Sometime soon — perhaps as early as tomorrow night, possibly in a couple of weeks, but at any rate by the end of spring — Mitt Romney is almost certainly going to be properly recognized as the Republican nominee for president. And be ready: you're going to hear some hard spinning about how Romney's nomination proves that Republicans are really moderate on social issues. It doesn't.

For a preview, see Republican operative Ed Rogers over at "The Insiders" today arguing that if Romney is the winner on Super Tuesday it will show that Republicans don't care about social issues:

Tomorrow’s Super Tuesday primaries will offer a good reality check of where the Republican Party really stands on social issues vs. economic issues in 2012 ... Whether or not the GOP gets it and how badly we want to win in 2012 will be clearer on Wednesday morning after the votes are counted.

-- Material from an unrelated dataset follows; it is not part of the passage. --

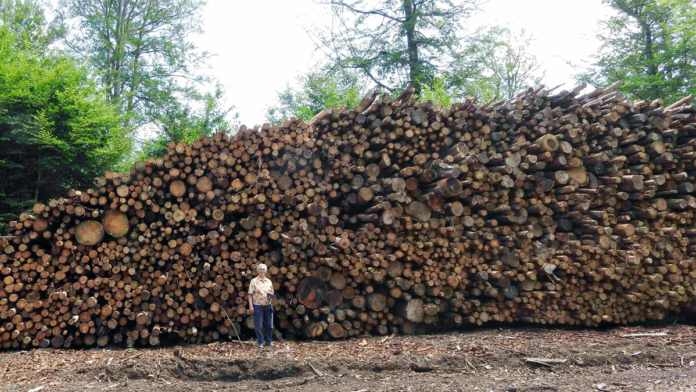 natur flis gribskov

The problem with this theory is that all that's really at stake is how, and how frequently, Republican candidates talked about abortion, birth control, and other such issues. In their actual positions on these issues, none of the candidates who ran this year (other than libertarian Gary Johnson and, in some cases, libertarian Ron Paul) differed at all. As far as I can tell, Mitt Romney has the exact same position on gay and lesbian rights, on church/state issues, on abortion, and, yes, on contraception as Rick Santorum or Newt Gingrich, or even Michele Bachmann.

What's really been at issue in the nomination contest isn't which positions that the party would take, but whether Republicans could trust Romney to support the party platform once elected president. 

The entire nomination process has been about shrinking the gap between movement conservative positions and what Mitt Romney says he'll do in office. Don't believe any spin to the contrary.